Matthieu 10, 2
Voici les noms des douze Apôtres : le premier, Simon, nommé Pierre ; André son frère ; Jacques, fils de Zébédée, et Jean son frère ;
Voici les noms des douze Apôtres : le premier, Simon, nommé Pierre ; André son frère ; Jacques, fils de Zébédée, et Jean son frère ;
1183. Vient ensuite l’ordre des noms. Et pourquoi ? Afin que, s’il se trouvait un pseudo-prophète qui se dirait apôtre, on ne le croie pas. C’est pour cette raison que la Lettre sur le fondement de Manès a été rejetée. Et il faut remarquer que [le Seigneur] les associe toujours par deux. Et pourquoi ? Parce que le nombre deux est le nombre de la charité. Aussi, partout où [le Seigneur] indique quelqu’un qui porte deux noms, il indique quelque chose qui le différencie. De même, il faut savoir que [le Seigneur] ne respecte pas l’ordre de dignité ; cependant, Pierre est toujours placé en premier, lui qui se nomme aussi SIMON [Mt 10, 2], c’est-à-dire «celui qui obéit» – c’est pourquoi il est dit en Pr 21, 28 : L’homme obéissant l’emportera. PIERRE vient de «pierre», en raison de sa faiblesse, et Céphas est un nom syriaque, et non hébreu. ANDRÉ [signifie] «ce qui est viril». Ainsi, il est dit en Ps 6[27], 14 : Agis avec force et ton cœur sera réconforté. PHILIPPE veut dire «ouverture de la lampe», et tel doit être le prédicateur, Ps 118[119], 140 : Ta parole est puissamment enflammée. BARTHOLOMÉE [signifie] «fils de celui qui retient les eaux», et c’est ainsi que s’appelle le Christ, dont [il est dit] en Jb 26, 8 : Lui qui retient les eaux dans ses nuées. JACQUES, FILS DE ZÉBÉDÉE, qui fut tué par Hérode, et qui signifie «celui qui supplante». JEAN, qui signifie «grâce», 1 Co 15, 10 : C’est par la grâce de Dieu que je suis ce que je suis. [Matthieu] ne suit pas l’ordre de dignité, comme Marc.

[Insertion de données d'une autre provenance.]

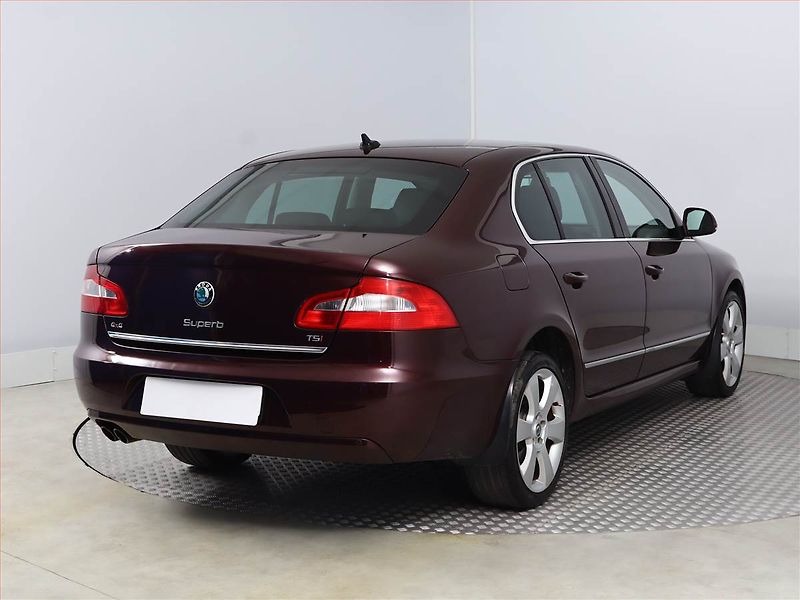 Škoda Superb (2010) Elegance 1.8 TSI, 4X4, Navi - fotka 5 z 19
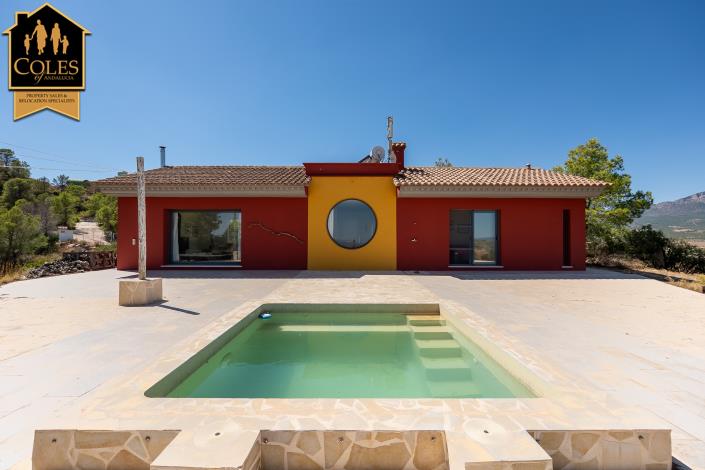 Image No.5-3 Bed Villa / Detached for sale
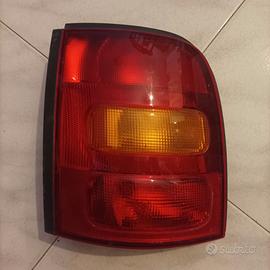 Fanale Posteriore modello Micra lato guida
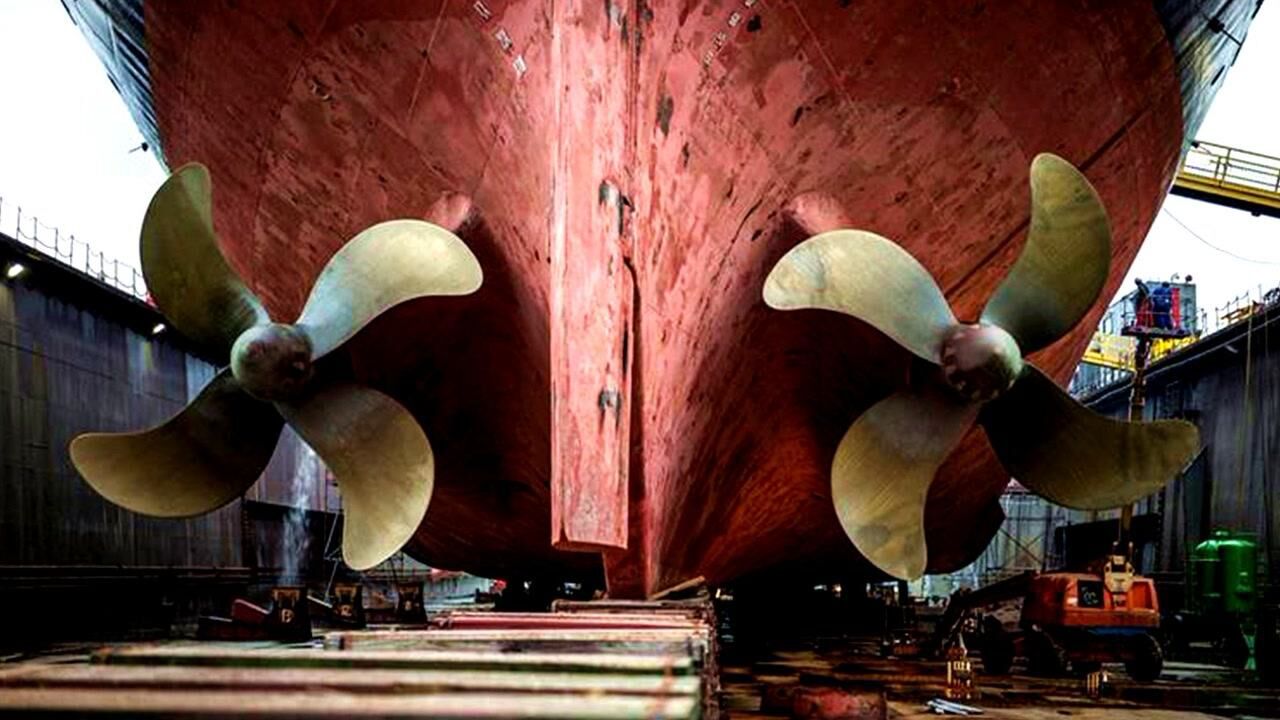 为什么几百吨的大货轮,都不用很大的螺旋桨呢?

" Et André son frère. " C'est un grand honneur pour André que cette dénomination. Pierre est désigné par sa vertu, et André par la noblesse qui lui vient d'être le frère de Pierre. Saint Marc, au contraire, ne nomme André qu'après Pierre et Jean, les deux sommités du collège des Apôtres ; et en cela différant de saint Matthieu, il les classe suivant leur dignité.

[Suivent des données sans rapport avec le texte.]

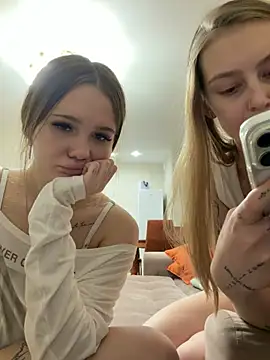 ella_butleeer webcam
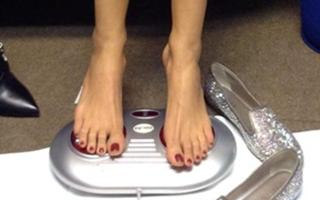 Caterina Balivo feet photo thumbnail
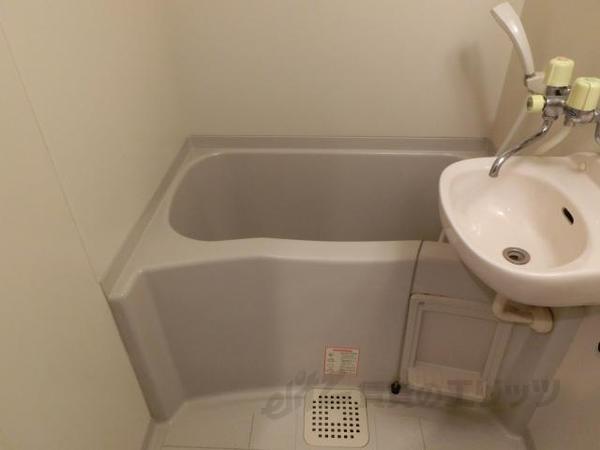 バス・シャワールーム　お風呂同様に洗面でお湯が使えるので便利です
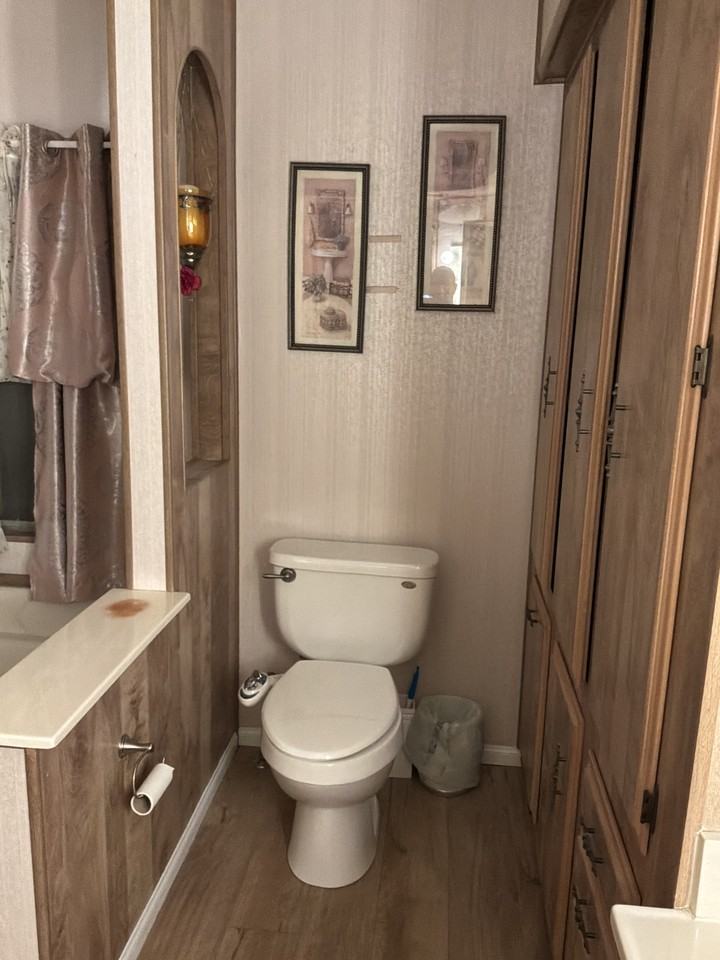 26122 Homeland Ave - Photo 4 of 10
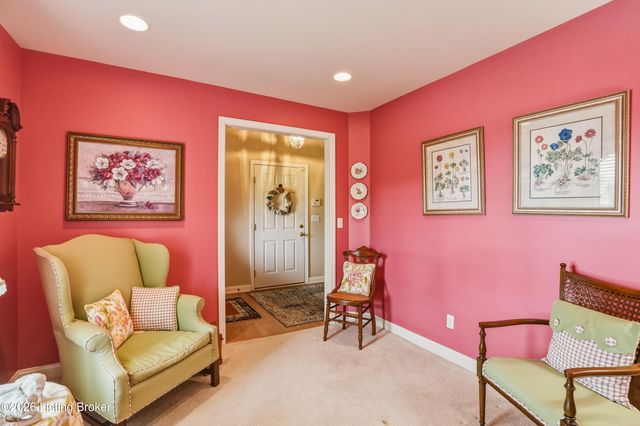 36 Trace Ln, Shelbyville, KY 40065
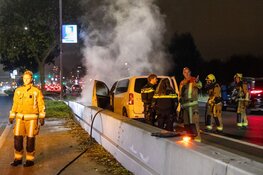 Bestelbus in brand op Schipholweg in Haarlem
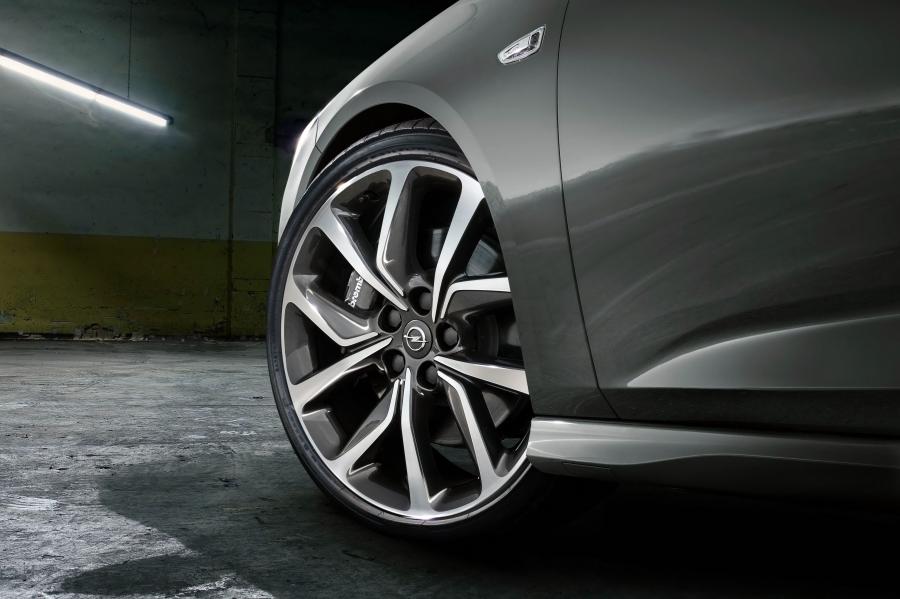 Колеса Opel Insignia GSi 2017 года  (фото 15 из 45)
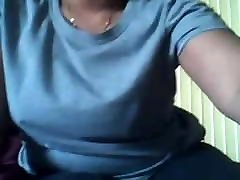 Indian new bangali vabi aunty chat with younger boy friend, show boobs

Car le Seigneur est plein de bonté et de clémence ; c'est un Maître qui n'est pas jaloux de la puissance de ses serviteurs et de ses disciples ; aussi leur donne-t-il libéralement le même pouvoir qu'il avait exercé de guérir toutes les langueurs et toutes les infirmités. Mais il y a une grande différence entre posséder et accorder aux autres ce qu'on possède soi-même, entre donner et recevoir. Tout ce que fait Jésus-Christ, c'est avec un pouvoir souverain, tandis que les Apôtres, dans toutes leurs oeuvres, sont forcés de confesser leur propre faiblesse et la puissance du Seigneur, comme lorsqu'ils disent : " Au nom de Jésus, levez-vous et marchez (Ac 3, 6 ; 20, 34.) L'Évangéliste nous donne ici le nombre des Apôtres pour en exclure comme faux apôtres ceux qui n'y sont pas compris ; c'est pour cela qu'il ajoute : " Or, voici les noms des douze Apôtres : le premier, Simon qui s'appelle Pierre, et André son frère. " Il n'appartenait qu'à celui qui pénètre le secret des coeurs d'assigner à chacun des Apôtres la place qu'il méritait. Le premier nommé, c'est Simon, et Jésus lui donne le surnom de Pierre pour le distinguer d'un autre Simon, le Chananéen, du bourg de Cana, ou Jésus changea l'eau en vin.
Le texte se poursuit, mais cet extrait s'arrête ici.